RC: This is the beginning of the extremely successful Zapp/Roger story, a story that is mostly tangential to P.Funk, but one that is related nonetheless. Roger Troutman, the do-it-all mastermind behind the group, was longtime friends with Bootsy Collins, and each promised to help the other out when they reached success. Roger actually put out an album with his first band, Roger And The Human Body, but it had little success. Eventually, Roger got a gig with Funkadelic, playing on the Electric Spanking of War Babies album, which led to working with Bootsy on this, his first album, named after his brother Zapp. Roger was to find the commercial success in the 80's that eluded most of the rest of the P.Funk mob, up until the current day. His trademark was the use of the talk box, a bizarre vocal processor that gave him a unique sound. Sometimes, it became too much of a gimmick, but it was often very effective and funky. Clean guitar lines, danceable rhythms and precise playing were to be the standard on Zapp albums. The music is pretty far removed from the wild experimentation of Funkadelic, but it's not unlike some of the later Parliament songs. The first album was notable for Bootsy Collins producing it; Zapp would open for P.Funk on the road as well.

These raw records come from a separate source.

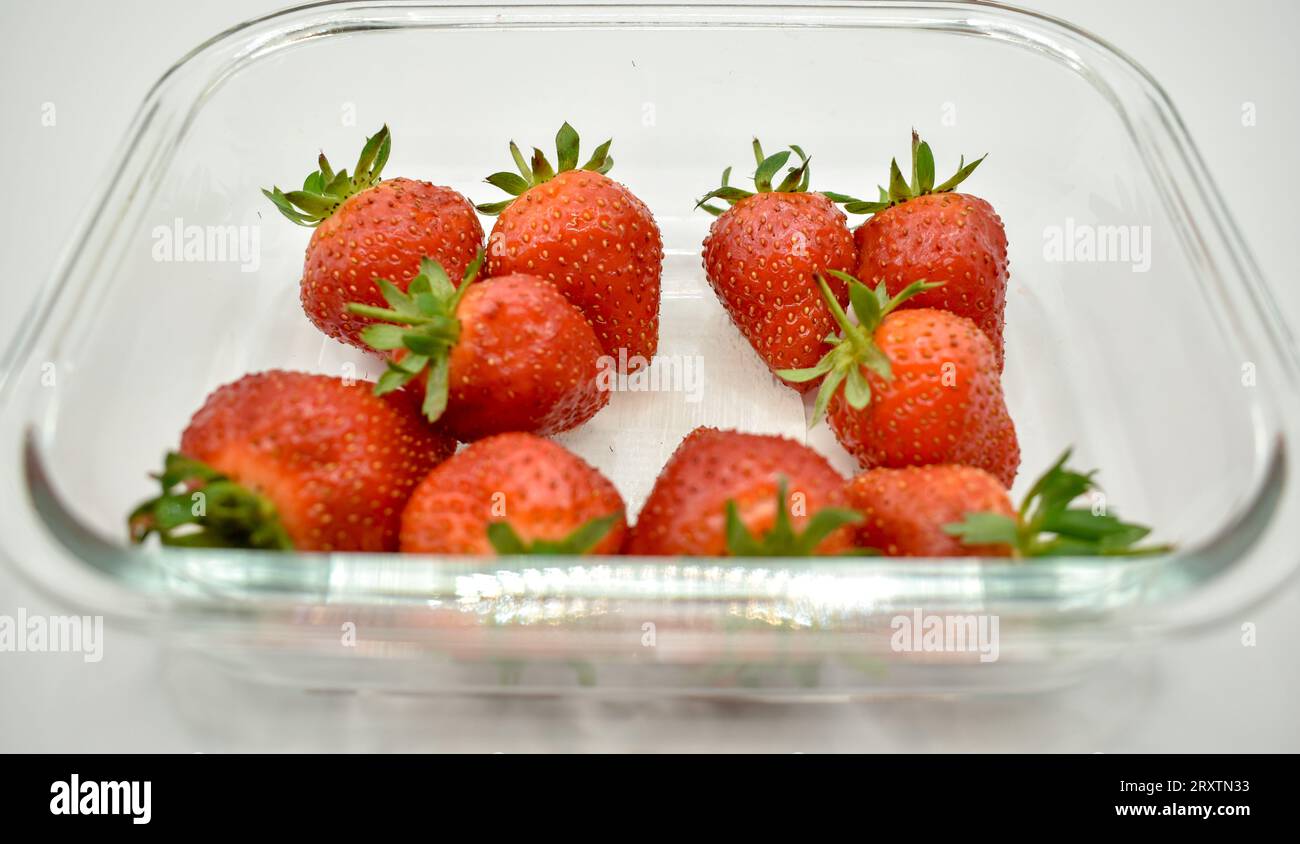 Un plat en verre transparent contenant des fraises rouges juteuses photographiées sur fond blanc. Banque D'Images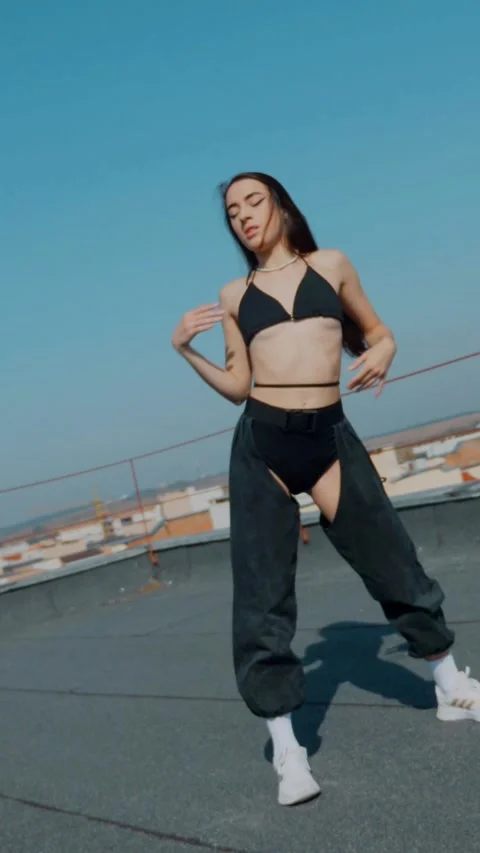 Vertical Fashion Model Dancing Sensually On Rooftop In Summer Sunshine. Stock Footage 342223458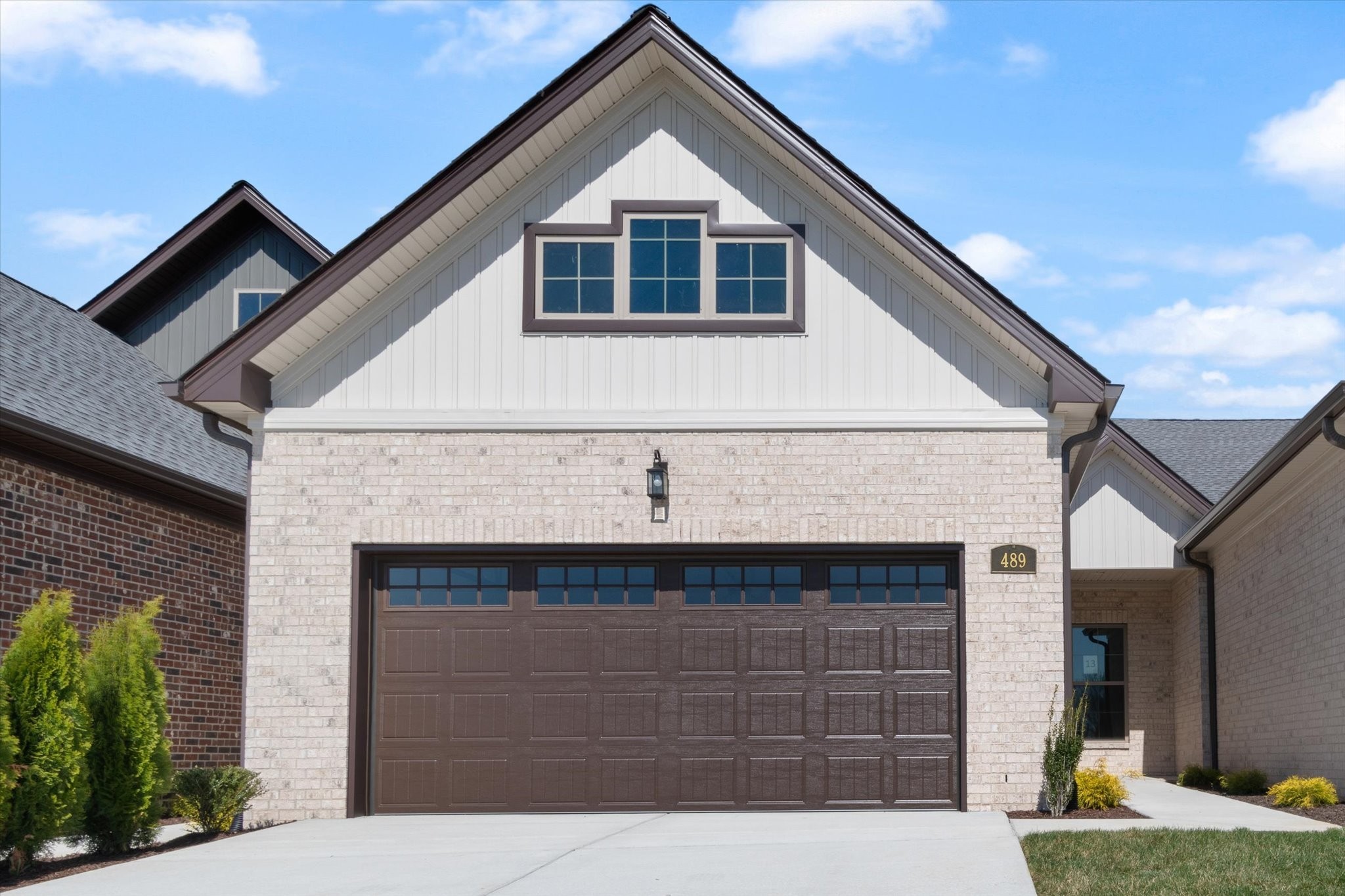 a front view of a house with garage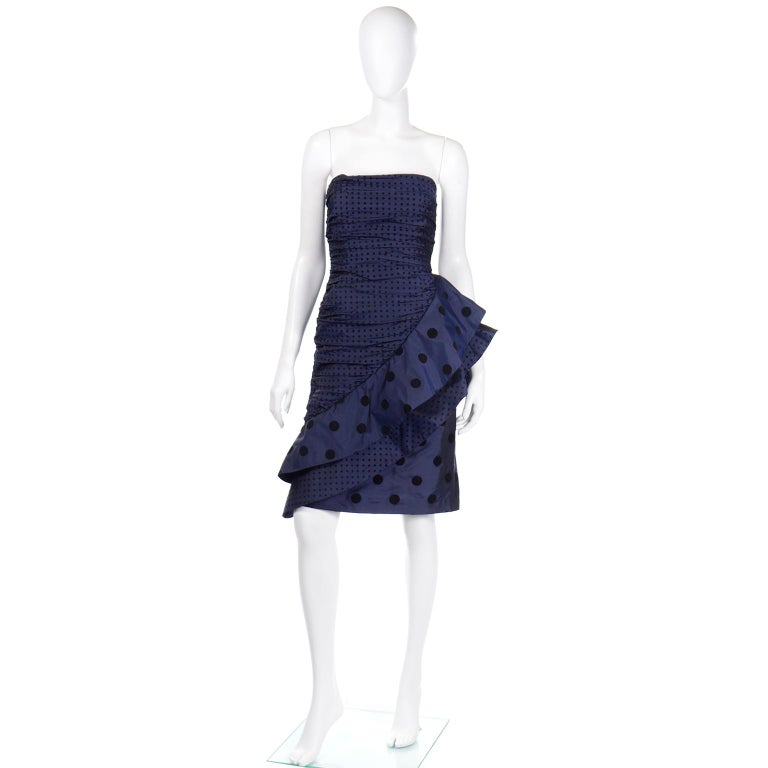 This is a show stopping vintage navy silk taffeta mini dress designed by Louis Feraud in the 1980s. We love vintage Louis Feraud and this dress is one that you can really only appreciate in person, as the photos can't capture the texture or beauty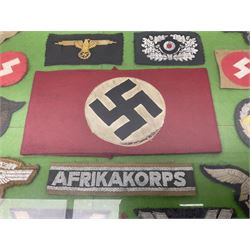 Framed display of thirty-four WWII German cloth badges including Luftwaffe pilot, Paratrooper, Afrikakorps cuff title, sleeve insignia for 'SS' Foreign Volunteers, various breast eagles including Luftwaffe, Army etc, RAD badges, Party Armband, rank and trade insignia, cap insignia etc; 40 x 50cm in modern pine frame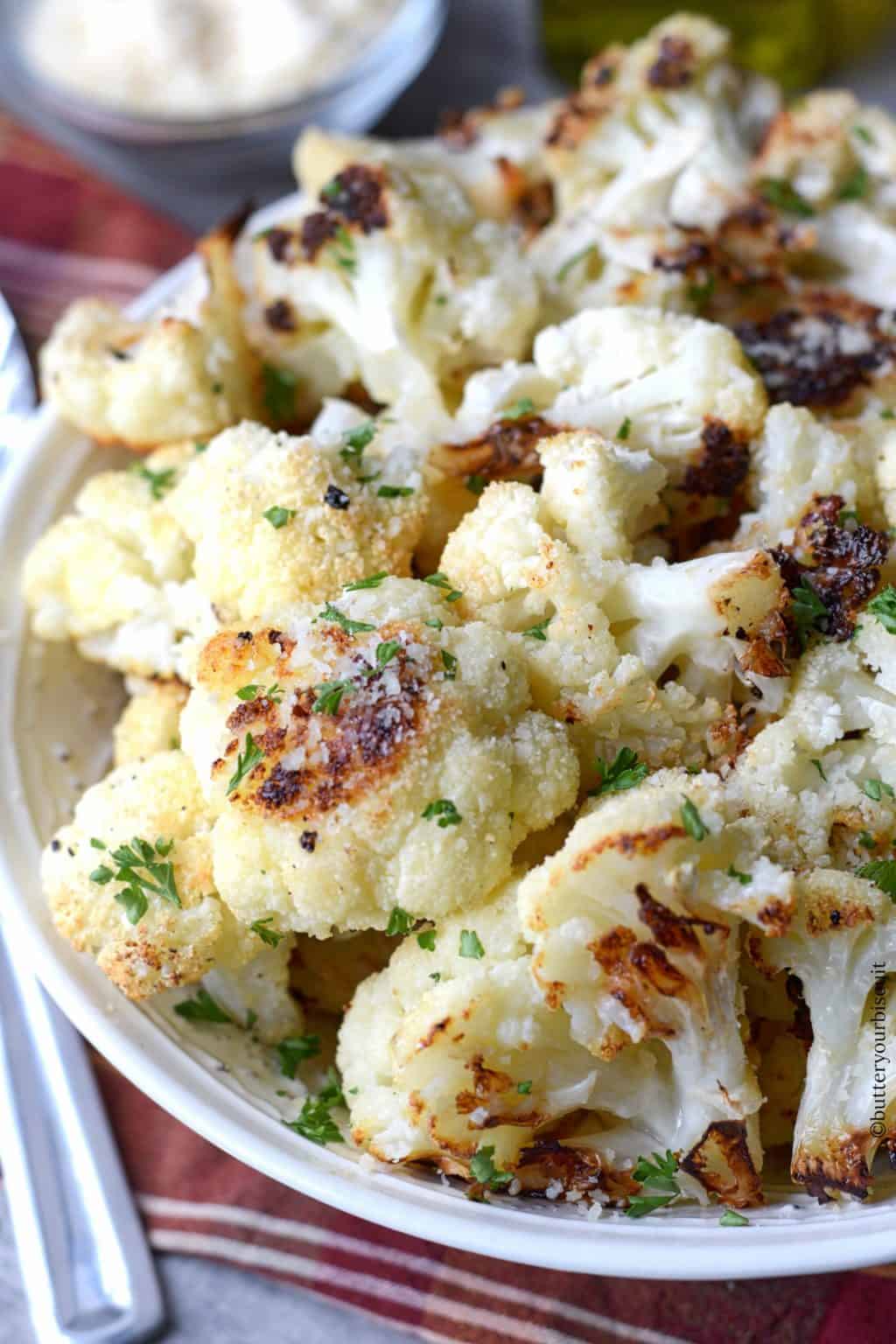 Garlic parmesan roasted cauliflower in a white bowl.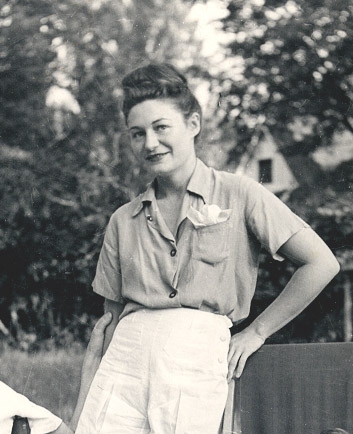 Black and white photo of a woman standing in a garden. She wears shorts and summer clothes.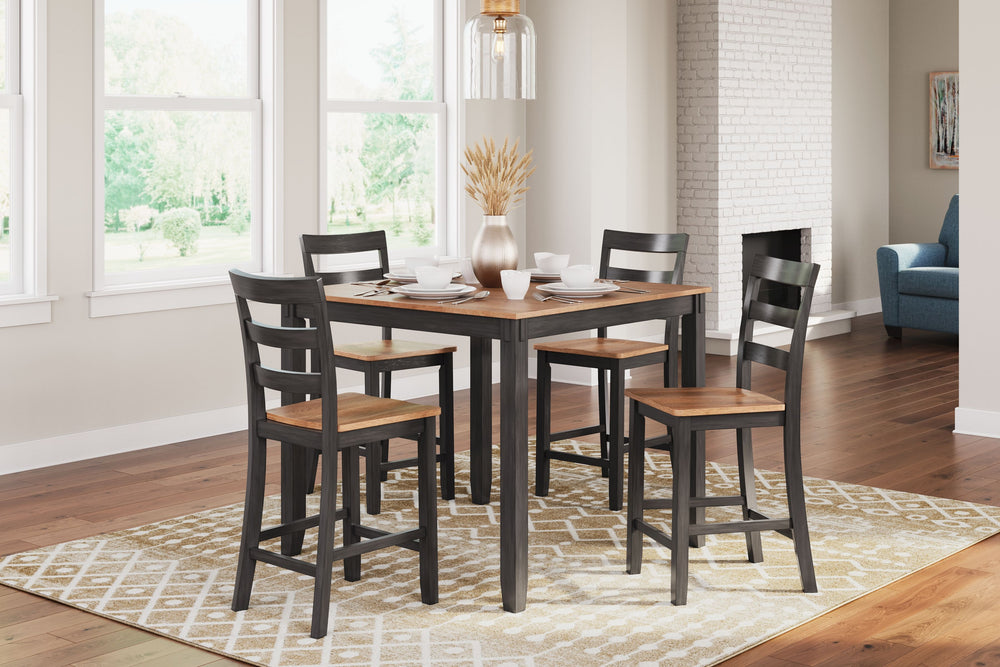 Who says a simple design can-'t be eye-catching? This counter height dining table with bar stools has a casually cool style, yet it still turns heads. The two-tone table and bar stools are effortlessly handsome. And the ladderback bar stools cater to your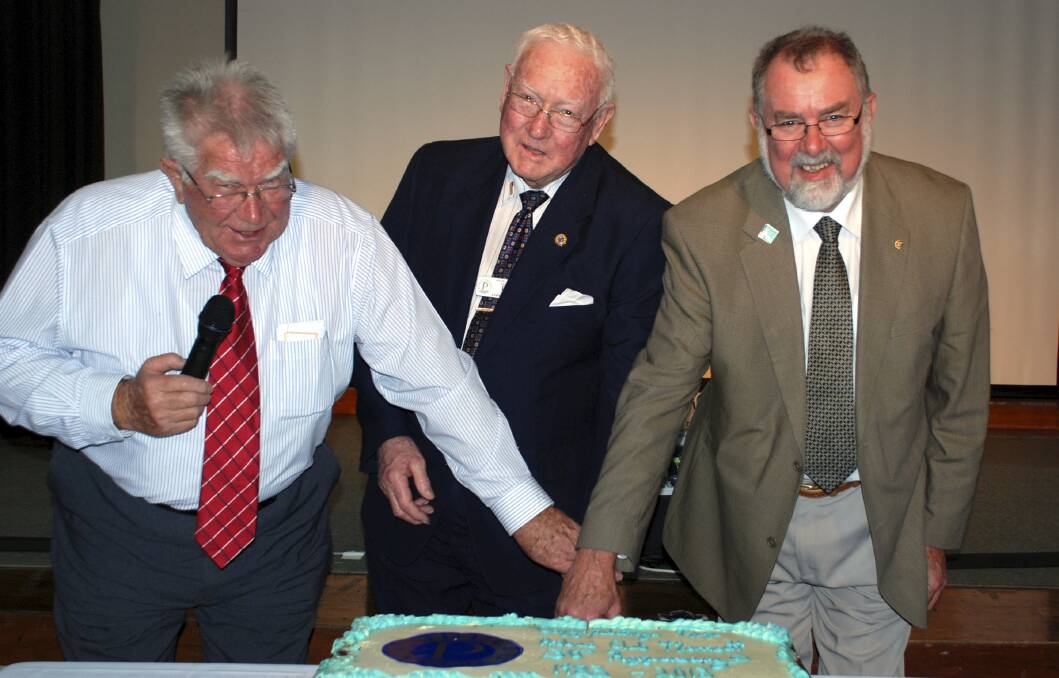 FOUNDER: Les Norris, centre, with Greg Riding, left, and John Olive at the 30th anniversary celebrations of Morisset Probus in 2013. Picture: Supplied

"More Bounce..." is a classic dance number, with a super-infectious guitar riff, irresistable beats, and growling vocals matched with the high-pitched talk box squeals. "Freedom" zips along at a similar pace, this time with a dominant bass riff and more attention to singing. "Brand New PPlayer" features an interesting bass and guitar arrangement. The rhythms are also rich and complex, matching up well with instruments brought in for flavor, like sax and harmonica. "Funky Bounce" is a more disco-ish dance tune that has a nice guitar solo. "Be Alright" is a ballad that is super-syrupy but still enjoyable, mostly because of the solos toward the end. It's also helped by great singing. "Coming Home" starts off with a blues harmonica intro that launches into an electric blues romp. It's an easygoing tune that shows Roger's love of blues.

This album is in print and should be easy to find. The cover is a wacked-out drawing from P.Funk artists Overton Lloyd and Ronald Edwards.